We can put the time-consuming (blocking) task into the process pool and then specify the callback function (the main process is responsible for executing) so that the main process eliminates the I/O process when executing the callback function, and the result of the task is directly obtained.

Download #pip3 install requests#requests module (download in cmd) from multiprocessing import poolimport requestsimport osimport timedef get _page (URL):    print (' <%s> is getting [%s] '% (os.getpid (), URL))    response=requests.get (URL)    Time.sleep (2)    print (' <%s> was done [%s] '% (os.getpid (), URL))    return {' url ': url, ' text ': Response.text} def parse_page (res):    print (' <%s> parse [%s] '% (Os.getpid (), res[' URL '))) with    open (' db.txt ', ' a ') as F:        parse_res= ' url:%s size:%s\n '% (res[' url '],len (res[' text '))        F.write (parse_res) if __name__ = = ' __main__ ':    p=pool (4)    urls = [        ' https://www.baidu.com ',        ' http:/ /www.openstack.org ',        ' https://www.python.org ',        ' https://help.github.com/',        ' HTTP// www.sina.com.cn/'    ]    for URL in URLs:        p.apply_async (get_page,args= (URL,), callback=parse_page)    P.close ()    p.join ()    print (' Master ', Os.getpid ())

If you wait for all the tasks in the process pool to finish executing in the main process and then process the results uniformly, you do not need a callback function

Crawler Case:

Crawler Case

Process pools and callback functions

Contact Us

The content source of this page is from Internet, which doesn't represent Alibaba Cloud's opinion; products and services mentioned on that page don't have any relationship with Alibaba Cloud.

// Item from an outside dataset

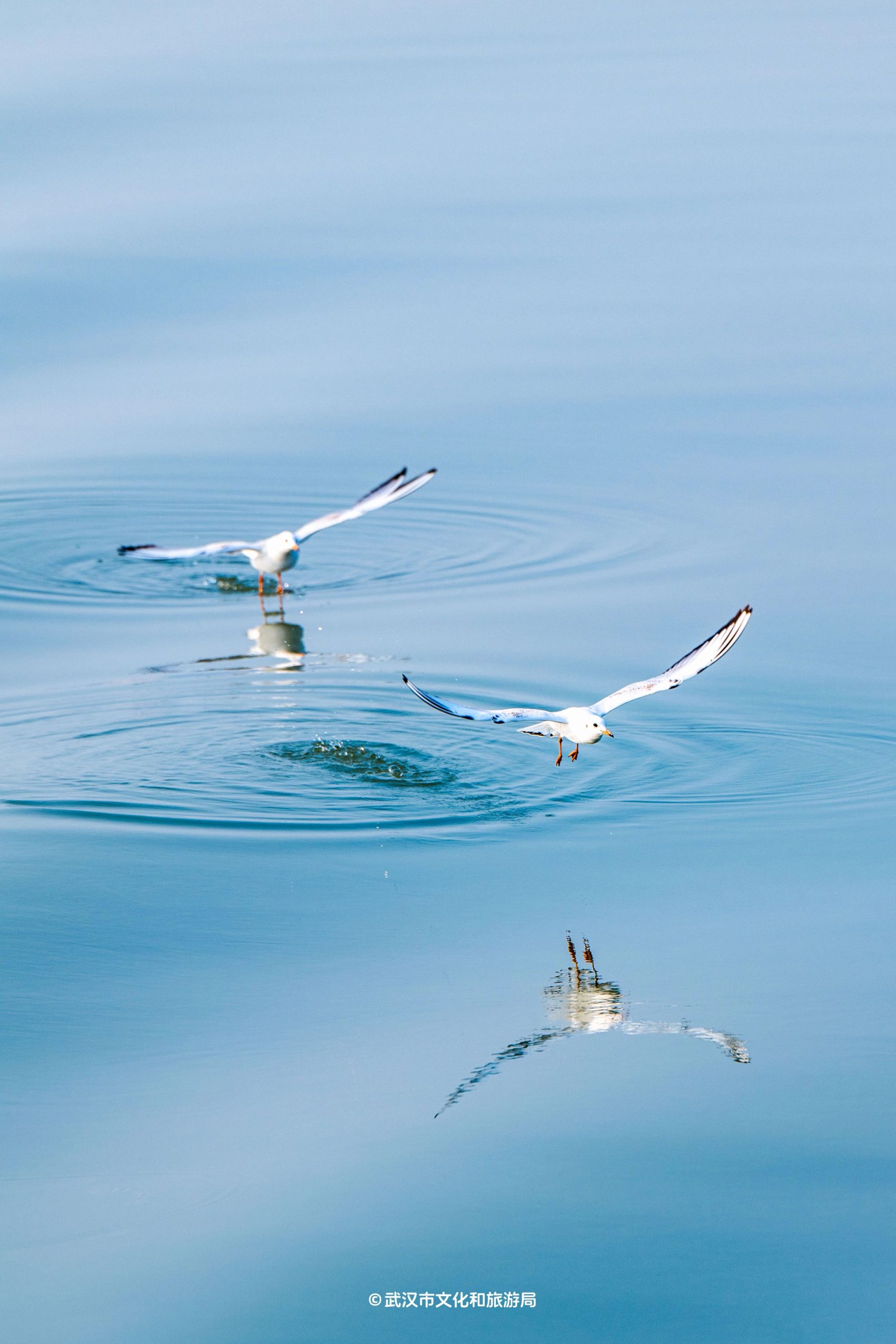 图片[30]-沙漠踏雪，只在武汉，最佳观赏期到了！-AI Express News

If the content of the page makes you feel confusing, please write us an email, we will handle the problem within 5 days after receiving your email.

If you find any instances of plagiarism from the community, please send an email to: info-contact@alibabacloud.com and provide relevant evidence. A staff member will contact you within 5 working days.

A Free Trial That Lets You Build Big!

Start building with 50+ products and up to 12 months usage for Elastic Compute Service

  • Sales Support

    1 on 1 presale consultation

  • After-Sales Support

    24/7 Technical Support 6 Free Tickets per Quarter Faster Response

  • Alibaba Cloud offers highly flexible support services tailored to meet your exact needs.